= Quadrennial Defense Review =

Former United States master plan for military and counterterrorism contingency

The Quadrennial Defense Review (QDR) was a study by the United States Department of Defense that analyzes strategic objectives and potential military threats. The Quadrennial Defense Review Report was the main public document describing the United States' military doctrine. Section 941 of the National Defense Authorization Act for FY2017 replaced the QDR with the National Defense Strategy.

As was stipulated in the 1997 National Defense Authorization Act (NDAA), the QDR was to be conducted every four years. Five QDR's were published before its discontinuation, from 1997 to 2014. Starting from 2006, the QDR was mandated to coincide with the issuance of the next year's budget request.

The congressionally mandated Quadrennial Defense Review (QDR) directs DoD to undertake a wide-ranging review of strategy, programs, and resources. Specifically, the QDR is expected to delineate a national defense strategy consistent with the most recent National Security Strategy by defining force structure, modernization plans, and a budget plan allowing the military to successfully execute the full range of missions within that strategy. The report will include an evaluation by the Secretary of Defense and Chairman of the Joint Chiefs of Staff of the military's ability to successfully execute its missions at a low-to-moderate level of risk within the forecast budget plan. The results of the 2001 QDR could well shape U.S. strategy and force structure in coming years.
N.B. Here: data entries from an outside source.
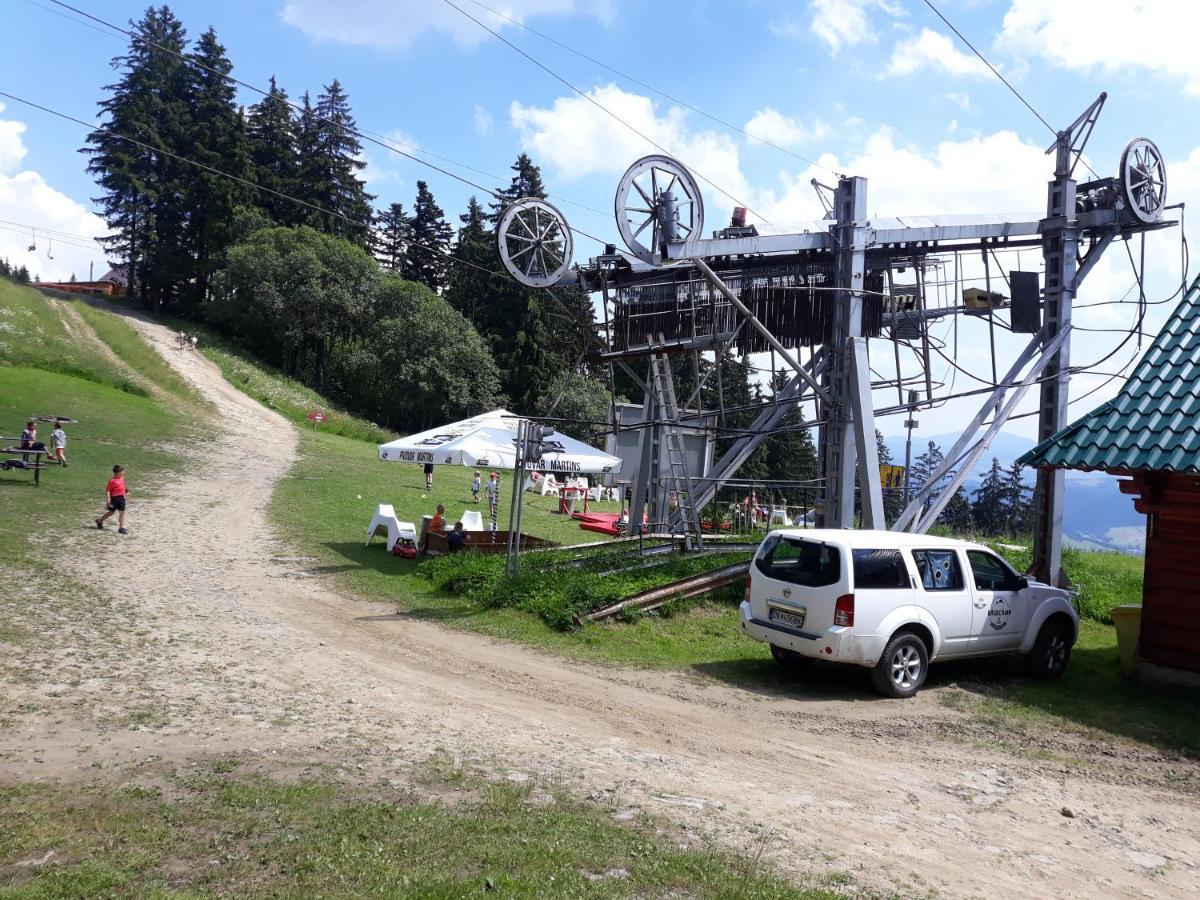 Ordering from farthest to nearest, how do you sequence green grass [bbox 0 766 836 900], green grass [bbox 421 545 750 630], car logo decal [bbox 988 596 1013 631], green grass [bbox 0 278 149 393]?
1. green grass [bbox 0 278 149 393]
2. green grass [bbox 421 545 750 630]
3. car logo decal [bbox 988 596 1013 631]
4. green grass [bbox 0 766 836 900]

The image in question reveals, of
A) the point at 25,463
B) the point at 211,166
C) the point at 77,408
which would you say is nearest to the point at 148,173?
the point at 211,166

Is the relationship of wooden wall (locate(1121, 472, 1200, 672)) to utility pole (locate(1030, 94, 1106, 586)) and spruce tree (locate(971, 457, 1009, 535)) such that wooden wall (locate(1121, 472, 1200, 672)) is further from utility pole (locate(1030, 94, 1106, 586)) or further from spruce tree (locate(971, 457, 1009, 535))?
spruce tree (locate(971, 457, 1009, 535))

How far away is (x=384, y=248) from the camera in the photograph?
75438mm

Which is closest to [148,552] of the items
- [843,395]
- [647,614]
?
[647,614]

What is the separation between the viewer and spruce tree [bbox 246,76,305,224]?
6812 centimetres

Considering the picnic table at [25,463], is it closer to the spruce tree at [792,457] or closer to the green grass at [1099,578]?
the green grass at [1099,578]

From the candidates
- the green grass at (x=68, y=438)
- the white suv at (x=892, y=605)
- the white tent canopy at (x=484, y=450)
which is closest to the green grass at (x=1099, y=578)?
the white suv at (x=892, y=605)

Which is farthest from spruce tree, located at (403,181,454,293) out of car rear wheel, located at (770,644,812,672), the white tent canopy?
car rear wheel, located at (770,644,812,672)

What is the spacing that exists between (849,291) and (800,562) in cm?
701

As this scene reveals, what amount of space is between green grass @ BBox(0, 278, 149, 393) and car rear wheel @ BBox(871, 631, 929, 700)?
139ft

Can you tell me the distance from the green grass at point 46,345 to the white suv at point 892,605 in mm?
41155

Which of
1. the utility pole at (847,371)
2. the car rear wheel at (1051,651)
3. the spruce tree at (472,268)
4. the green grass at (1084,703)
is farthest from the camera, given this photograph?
the spruce tree at (472,268)

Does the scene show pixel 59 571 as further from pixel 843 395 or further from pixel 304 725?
Answer: pixel 843 395

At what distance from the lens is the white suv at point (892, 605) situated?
31.4 ft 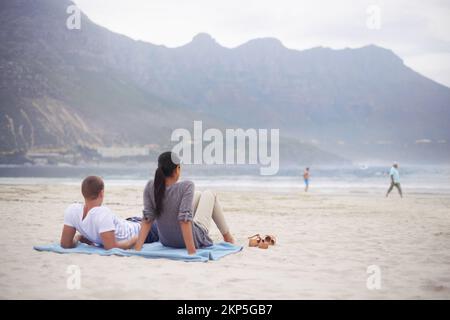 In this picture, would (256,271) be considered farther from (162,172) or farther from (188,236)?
(162,172)

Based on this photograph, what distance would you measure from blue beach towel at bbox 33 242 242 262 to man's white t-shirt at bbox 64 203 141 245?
8.5 inches

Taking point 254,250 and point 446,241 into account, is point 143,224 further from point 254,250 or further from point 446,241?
point 446,241

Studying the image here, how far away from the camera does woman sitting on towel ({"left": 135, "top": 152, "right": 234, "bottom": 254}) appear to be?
586 centimetres

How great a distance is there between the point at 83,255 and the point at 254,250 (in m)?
2.40

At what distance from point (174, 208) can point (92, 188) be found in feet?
3.55

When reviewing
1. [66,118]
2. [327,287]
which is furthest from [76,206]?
[66,118]

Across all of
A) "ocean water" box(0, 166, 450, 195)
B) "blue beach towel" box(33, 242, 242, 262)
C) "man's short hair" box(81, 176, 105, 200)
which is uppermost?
"man's short hair" box(81, 176, 105, 200)

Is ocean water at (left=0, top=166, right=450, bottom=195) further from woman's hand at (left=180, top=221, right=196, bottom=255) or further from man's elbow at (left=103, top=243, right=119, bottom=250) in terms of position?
woman's hand at (left=180, top=221, right=196, bottom=255)

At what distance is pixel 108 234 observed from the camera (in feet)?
20.8

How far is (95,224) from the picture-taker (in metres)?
6.32

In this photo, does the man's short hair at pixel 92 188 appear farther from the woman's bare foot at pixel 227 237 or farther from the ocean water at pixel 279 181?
the ocean water at pixel 279 181

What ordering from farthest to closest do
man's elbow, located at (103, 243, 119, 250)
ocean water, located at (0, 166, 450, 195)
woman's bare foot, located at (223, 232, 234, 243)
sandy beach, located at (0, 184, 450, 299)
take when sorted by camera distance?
ocean water, located at (0, 166, 450, 195) < woman's bare foot, located at (223, 232, 234, 243) < man's elbow, located at (103, 243, 119, 250) < sandy beach, located at (0, 184, 450, 299)

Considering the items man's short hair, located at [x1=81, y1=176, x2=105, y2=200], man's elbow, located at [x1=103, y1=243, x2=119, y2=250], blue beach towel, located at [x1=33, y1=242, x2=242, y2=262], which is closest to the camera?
blue beach towel, located at [x1=33, y1=242, x2=242, y2=262]

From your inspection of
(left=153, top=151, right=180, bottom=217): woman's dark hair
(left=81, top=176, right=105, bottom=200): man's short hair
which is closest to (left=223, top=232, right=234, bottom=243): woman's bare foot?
(left=153, top=151, right=180, bottom=217): woman's dark hair
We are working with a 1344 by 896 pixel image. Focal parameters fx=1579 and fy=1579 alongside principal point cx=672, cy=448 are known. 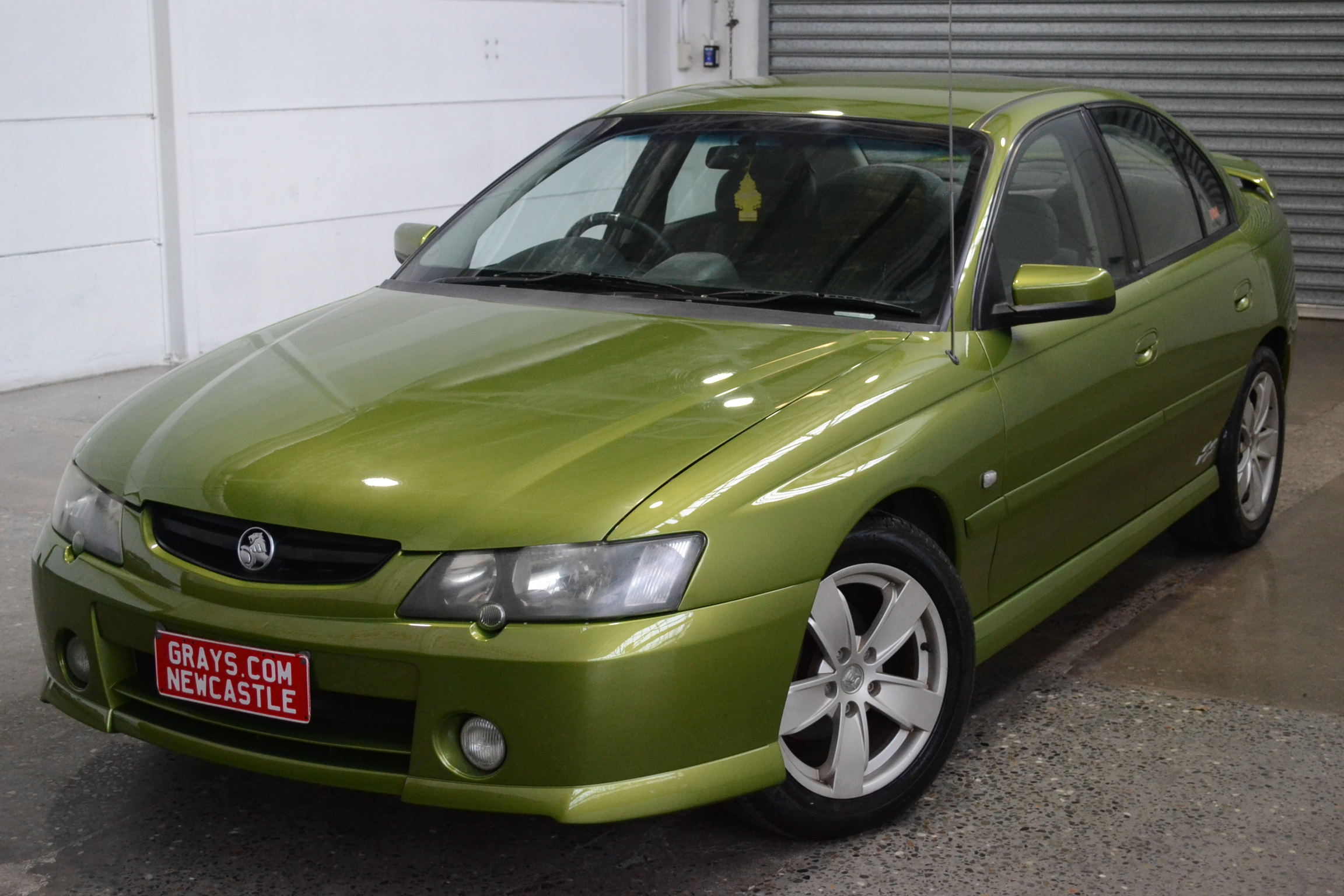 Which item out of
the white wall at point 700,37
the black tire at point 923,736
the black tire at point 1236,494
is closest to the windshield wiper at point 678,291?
the black tire at point 923,736

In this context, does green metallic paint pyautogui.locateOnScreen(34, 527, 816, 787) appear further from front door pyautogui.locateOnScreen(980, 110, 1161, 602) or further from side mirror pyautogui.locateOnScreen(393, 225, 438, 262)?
side mirror pyautogui.locateOnScreen(393, 225, 438, 262)

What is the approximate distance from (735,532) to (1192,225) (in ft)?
8.01

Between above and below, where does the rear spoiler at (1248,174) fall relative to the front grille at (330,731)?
above

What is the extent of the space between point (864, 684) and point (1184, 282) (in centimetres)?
181

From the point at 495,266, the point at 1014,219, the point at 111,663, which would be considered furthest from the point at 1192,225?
the point at 111,663

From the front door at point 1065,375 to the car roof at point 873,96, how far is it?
14 cm

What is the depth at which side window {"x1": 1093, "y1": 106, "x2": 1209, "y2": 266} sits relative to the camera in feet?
14.0

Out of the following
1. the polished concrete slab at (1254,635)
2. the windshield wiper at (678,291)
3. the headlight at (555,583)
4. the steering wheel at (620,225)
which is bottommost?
the polished concrete slab at (1254,635)

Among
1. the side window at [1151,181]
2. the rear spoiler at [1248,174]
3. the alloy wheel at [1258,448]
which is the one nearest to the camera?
the side window at [1151,181]

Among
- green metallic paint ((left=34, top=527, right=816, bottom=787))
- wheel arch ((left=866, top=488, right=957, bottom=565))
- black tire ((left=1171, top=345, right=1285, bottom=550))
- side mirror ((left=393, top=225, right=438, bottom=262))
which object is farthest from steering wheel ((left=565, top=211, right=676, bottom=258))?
black tire ((left=1171, top=345, right=1285, bottom=550))

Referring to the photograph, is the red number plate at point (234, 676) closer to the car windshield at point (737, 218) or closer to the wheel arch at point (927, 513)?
the wheel arch at point (927, 513)

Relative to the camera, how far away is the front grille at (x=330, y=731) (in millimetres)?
2703

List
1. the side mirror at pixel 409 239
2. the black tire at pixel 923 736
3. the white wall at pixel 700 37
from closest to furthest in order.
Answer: the black tire at pixel 923 736 → the side mirror at pixel 409 239 → the white wall at pixel 700 37

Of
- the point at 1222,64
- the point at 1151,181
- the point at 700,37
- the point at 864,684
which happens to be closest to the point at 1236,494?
the point at 1151,181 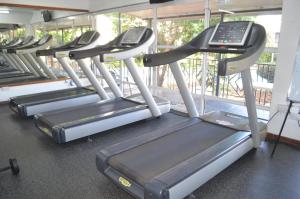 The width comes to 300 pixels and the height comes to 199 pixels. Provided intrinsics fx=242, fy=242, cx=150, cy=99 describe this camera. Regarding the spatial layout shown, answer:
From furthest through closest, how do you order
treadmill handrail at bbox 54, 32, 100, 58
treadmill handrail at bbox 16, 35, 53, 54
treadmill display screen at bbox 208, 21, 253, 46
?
treadmill handrail at bbox 16, 35, 53, 54, treadmill handrail at bbox 54, 32, 100, 58, treadmill display screen at bbox 208, 21, 253, 46

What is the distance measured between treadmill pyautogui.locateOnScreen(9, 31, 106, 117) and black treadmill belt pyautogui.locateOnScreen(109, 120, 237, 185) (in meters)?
2.44

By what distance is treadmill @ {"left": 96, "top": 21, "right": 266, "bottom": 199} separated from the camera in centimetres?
198

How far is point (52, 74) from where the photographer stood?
575cm

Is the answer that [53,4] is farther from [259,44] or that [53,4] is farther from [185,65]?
[259,44]

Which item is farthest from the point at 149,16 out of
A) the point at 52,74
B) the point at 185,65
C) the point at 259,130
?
the point at 259,130

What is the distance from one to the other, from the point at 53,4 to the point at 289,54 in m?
4.66

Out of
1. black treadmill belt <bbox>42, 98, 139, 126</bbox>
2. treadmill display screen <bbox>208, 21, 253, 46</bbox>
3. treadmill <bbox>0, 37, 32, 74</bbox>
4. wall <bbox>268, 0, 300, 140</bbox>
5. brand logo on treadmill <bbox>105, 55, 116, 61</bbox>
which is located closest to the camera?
treadmill display screen <bbox>208, 21, 253, 46</bbox>

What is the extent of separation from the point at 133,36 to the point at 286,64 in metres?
2.21

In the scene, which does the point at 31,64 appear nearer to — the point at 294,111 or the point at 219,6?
the point at 219,6

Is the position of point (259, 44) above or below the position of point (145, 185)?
above

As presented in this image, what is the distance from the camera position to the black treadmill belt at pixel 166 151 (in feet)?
6.84

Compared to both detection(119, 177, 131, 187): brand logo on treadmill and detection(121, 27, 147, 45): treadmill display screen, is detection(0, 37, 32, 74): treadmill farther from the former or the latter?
detection(119, 177, 131, 187): brand logo on treadmill

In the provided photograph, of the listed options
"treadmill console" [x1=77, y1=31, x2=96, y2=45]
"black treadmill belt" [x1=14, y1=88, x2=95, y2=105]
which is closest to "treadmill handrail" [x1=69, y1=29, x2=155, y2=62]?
"treadmill console" [x1=77, y1=31, x2=96, y2=45]

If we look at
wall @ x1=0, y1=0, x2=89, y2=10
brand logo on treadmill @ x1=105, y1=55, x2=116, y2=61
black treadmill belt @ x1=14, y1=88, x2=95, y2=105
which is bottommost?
black treadmill belt @ x1=14, y1=88, x2=95, y2=105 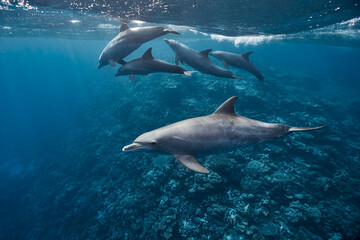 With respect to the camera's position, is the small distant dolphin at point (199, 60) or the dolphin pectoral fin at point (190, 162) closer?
the dolphin pectoral fin at point (190, 162)

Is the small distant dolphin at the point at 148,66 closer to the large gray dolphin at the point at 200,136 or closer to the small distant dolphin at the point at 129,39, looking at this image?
the small distant dolphin at the point at 129,39

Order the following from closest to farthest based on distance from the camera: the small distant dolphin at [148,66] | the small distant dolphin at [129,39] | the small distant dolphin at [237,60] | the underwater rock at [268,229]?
1. the small distant dolphin at [148,66]
2. the small distant dolphin at [129,39]
3. the underwater rock at [268,229]
4. the small distant dolphin at [237,60]

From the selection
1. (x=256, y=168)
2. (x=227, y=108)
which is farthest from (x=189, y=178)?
(x=227, y=108)

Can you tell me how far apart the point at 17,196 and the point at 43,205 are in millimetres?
3911

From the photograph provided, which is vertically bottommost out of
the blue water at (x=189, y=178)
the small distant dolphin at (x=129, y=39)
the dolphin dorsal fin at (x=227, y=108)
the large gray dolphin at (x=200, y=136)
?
the blue water at (x=189, y=178)

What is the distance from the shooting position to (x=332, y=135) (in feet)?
35.7

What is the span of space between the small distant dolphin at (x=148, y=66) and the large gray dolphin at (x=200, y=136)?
167 cm

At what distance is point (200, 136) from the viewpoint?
329 centimetres

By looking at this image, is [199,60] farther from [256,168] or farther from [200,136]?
[256,168]

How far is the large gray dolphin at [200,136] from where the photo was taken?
3293 mm

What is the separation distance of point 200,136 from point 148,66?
276cm

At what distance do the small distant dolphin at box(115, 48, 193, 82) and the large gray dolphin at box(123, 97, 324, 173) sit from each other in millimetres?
1674

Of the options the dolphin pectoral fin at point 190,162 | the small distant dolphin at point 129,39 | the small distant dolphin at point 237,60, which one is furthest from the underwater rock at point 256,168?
the small distant dolphin at point 129,39

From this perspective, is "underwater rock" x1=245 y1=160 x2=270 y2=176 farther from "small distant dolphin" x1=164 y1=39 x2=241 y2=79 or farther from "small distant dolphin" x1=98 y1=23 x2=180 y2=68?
"small distant dolphin" x1=98 y1=23 x2=180 y2=68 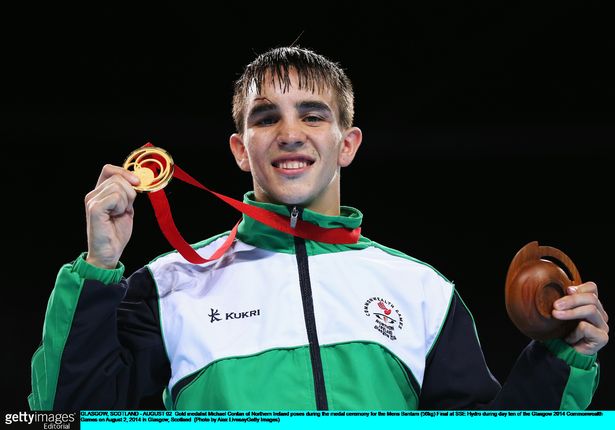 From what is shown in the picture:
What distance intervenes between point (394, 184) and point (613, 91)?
1118 millimetres

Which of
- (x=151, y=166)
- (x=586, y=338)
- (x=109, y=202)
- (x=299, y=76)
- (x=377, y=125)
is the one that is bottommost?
(x=586, y=338)

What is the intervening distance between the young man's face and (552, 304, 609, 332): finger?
1.91ft

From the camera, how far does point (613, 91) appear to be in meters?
3.73

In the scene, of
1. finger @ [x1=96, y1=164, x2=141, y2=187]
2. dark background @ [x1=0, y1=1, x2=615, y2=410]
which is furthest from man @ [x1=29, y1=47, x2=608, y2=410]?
dark background @ [x1=0, y1=1, x2=615, y2=410]

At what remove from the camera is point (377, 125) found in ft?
12.4

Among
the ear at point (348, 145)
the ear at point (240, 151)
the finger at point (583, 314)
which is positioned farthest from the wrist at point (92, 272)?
the finger at point (583, 314)

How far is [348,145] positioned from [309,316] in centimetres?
48

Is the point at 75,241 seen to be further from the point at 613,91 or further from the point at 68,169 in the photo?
the point at 613,91

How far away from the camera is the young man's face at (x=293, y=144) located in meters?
1.71

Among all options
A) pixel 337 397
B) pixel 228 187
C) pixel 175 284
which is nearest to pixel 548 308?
pixel 337 397

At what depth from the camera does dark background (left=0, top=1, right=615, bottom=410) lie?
128 inches

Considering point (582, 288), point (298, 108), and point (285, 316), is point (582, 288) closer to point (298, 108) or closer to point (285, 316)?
point (285, 316)

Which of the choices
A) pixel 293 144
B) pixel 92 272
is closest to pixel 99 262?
pixel 92 272

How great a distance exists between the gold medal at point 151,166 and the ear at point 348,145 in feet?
1.46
This report will be updated as future events warrant.

The 1996 QDR was the first review requested by the Congress following the dissolution of the Soviet Union.

In 1993, the Bottom Up Review (BUR) acknowledged the significant changes in the global security environment by articulating a strategy where the Department of Defense sought to prevent conflict by promoting democracy and peaceful resolution of conflict while connecting the U.S. military to the militaries of other countries, especially those of the former Soviet Union. The BUR addressed the need for peacekeeping and peace enforcement operations, but used the two major theater war (MTW) scenario as the main force shaping construct.

On 6 February 1997, then defense secretary William Cohen appointed a National Defense Panel (NDP) to review the QDR. In 2009, the House passed HR2647, which included language to mandate a NDP that would be mostly appointed by the Congress to review the 2010 QDR.

The 7–8 November 2000 QDR intended for implementation in FY2001 was a peacetime QDR created under Defense Secretary Cohen issued before the September 11, 2001 attacks. Within a month it was substantially rewritten by the Bush Administration which was elected the day following its release. For the second release, the mandate had changed, but still represented the pre-9/11 strategic environment.

The 2006 QDR issued February 6, 2006 was a wartime QDR created under Defense Secretary Donald Rumsfeld. The United States had been at war for over four years.

On April 7, 2009, Defense Secretary Robert Gates said that the 2010 QDR would include a review of the nation's amphibious programs, including the fate of the Expeditionary Fighting Vehicle or EFV. Congress created a Quadrennial Defense Review Independent Panel to review the results of the 2010 QDR. Russian Foreign Minister Sergei Lavrov welcomed the changes to a more multilateral tone in the 2010 QDR, but said that Russia still had issues with the new document.